§ **ACTIVITY**:
For the records below, please print exactly and only the lines from the one with "click for definition" down to the one with "Electric cooker capable", both ends included, omitting the pictures.

====== DATA EXTRACT ======

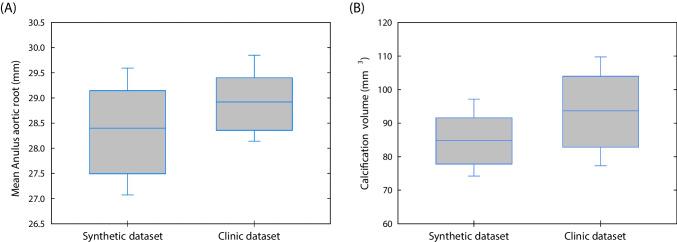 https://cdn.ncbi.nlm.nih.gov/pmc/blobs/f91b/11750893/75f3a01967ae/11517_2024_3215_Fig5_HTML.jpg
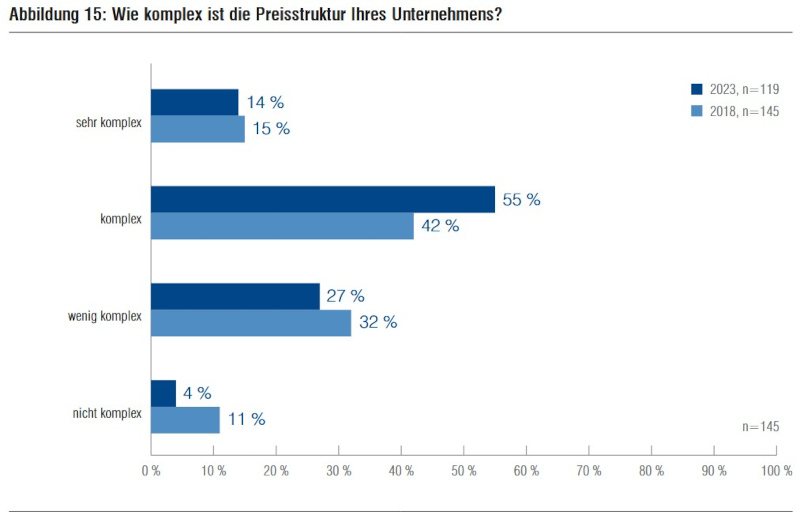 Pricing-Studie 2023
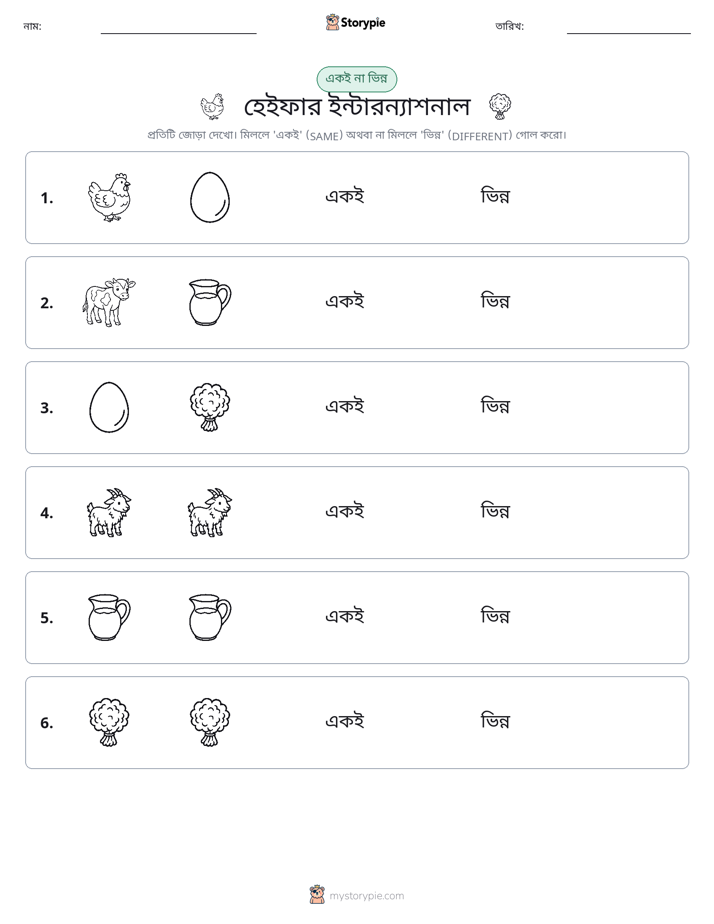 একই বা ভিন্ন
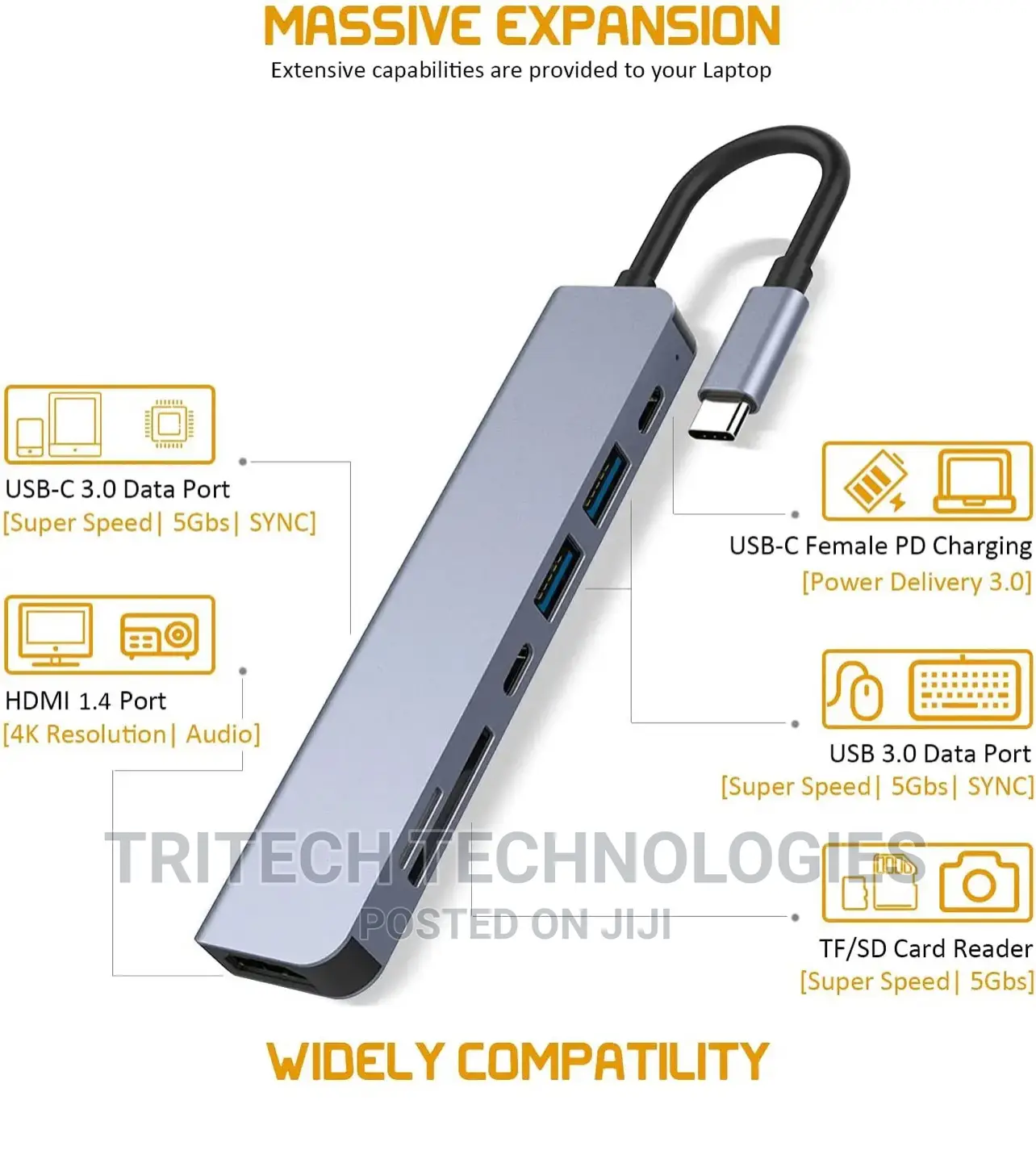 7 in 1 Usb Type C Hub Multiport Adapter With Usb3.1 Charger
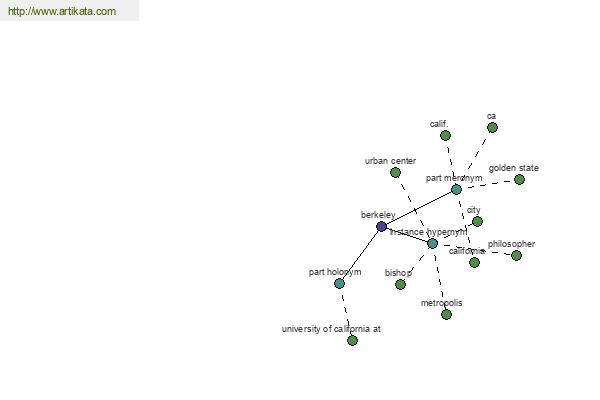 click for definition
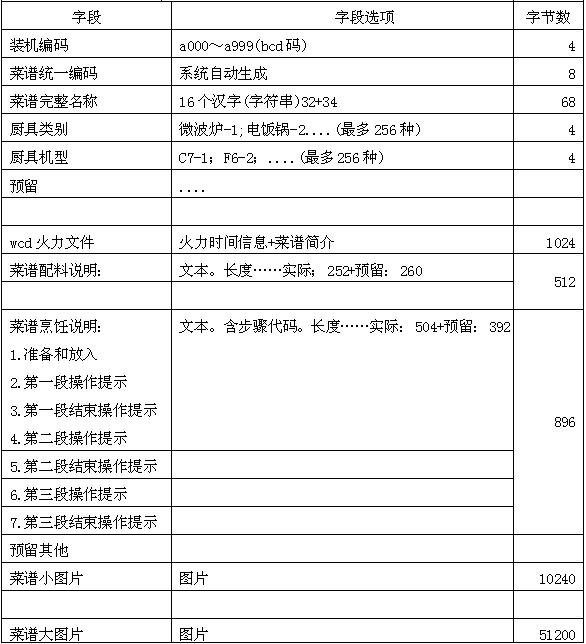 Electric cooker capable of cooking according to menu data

======
====== DATA EXTRACT ======

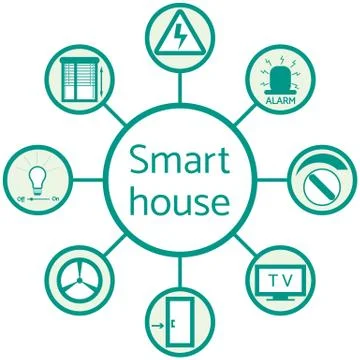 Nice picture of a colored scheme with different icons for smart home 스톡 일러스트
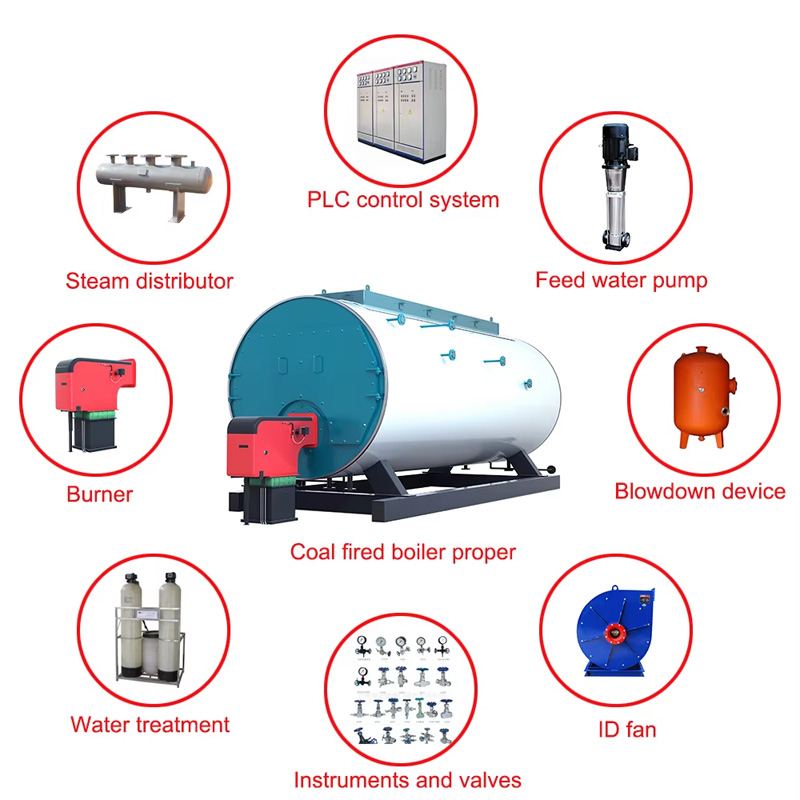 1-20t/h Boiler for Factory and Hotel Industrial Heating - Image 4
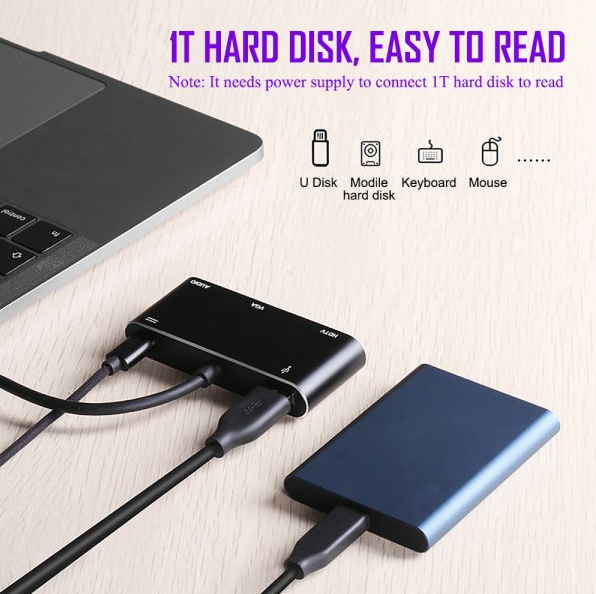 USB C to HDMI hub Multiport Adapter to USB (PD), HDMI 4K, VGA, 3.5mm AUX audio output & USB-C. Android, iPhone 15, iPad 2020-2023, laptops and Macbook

======
====== DATA EXTRACT ======

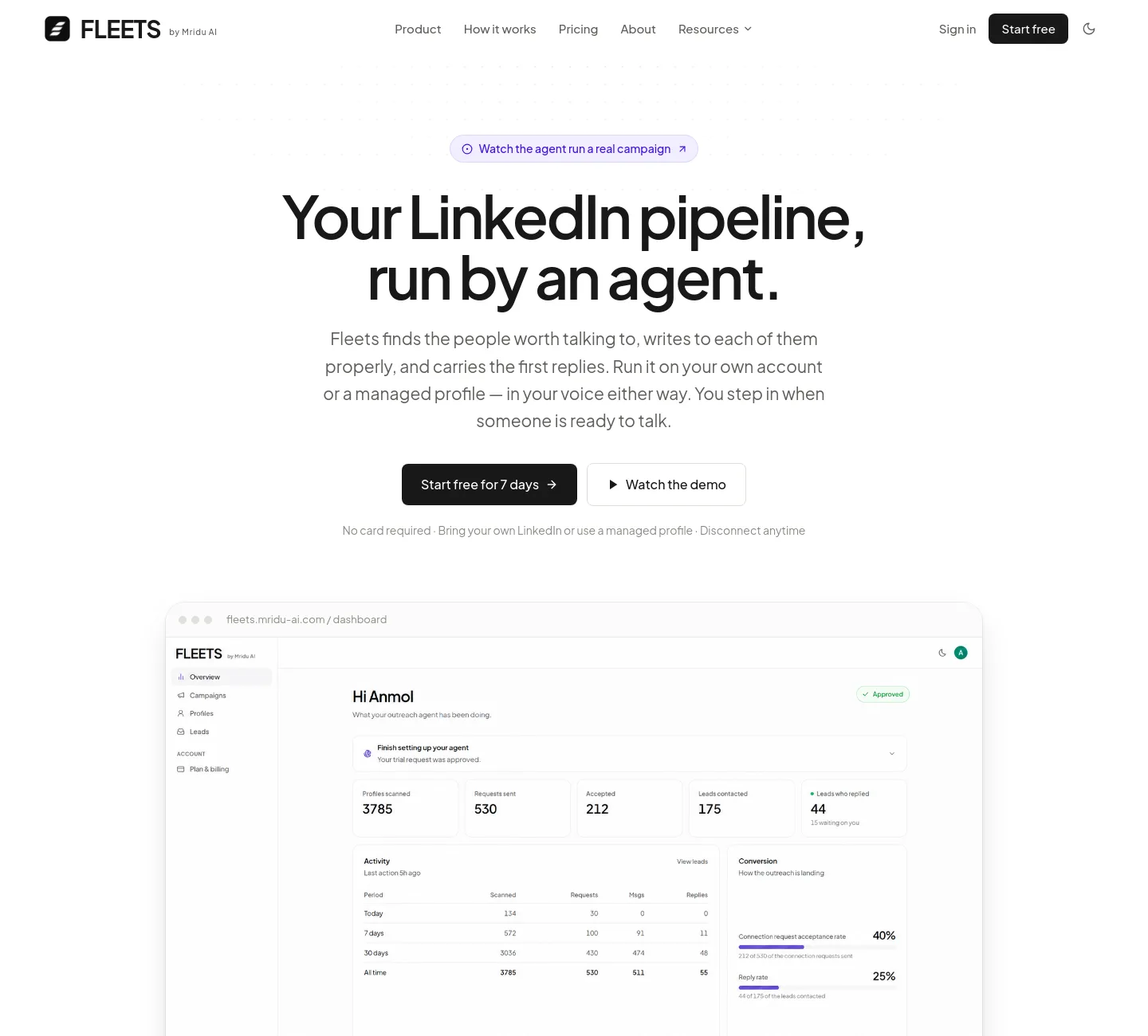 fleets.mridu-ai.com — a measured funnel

======

§ **WRITTEN ANSWER**:
 click for definition
 Electric cooker capable of cooking according to menu data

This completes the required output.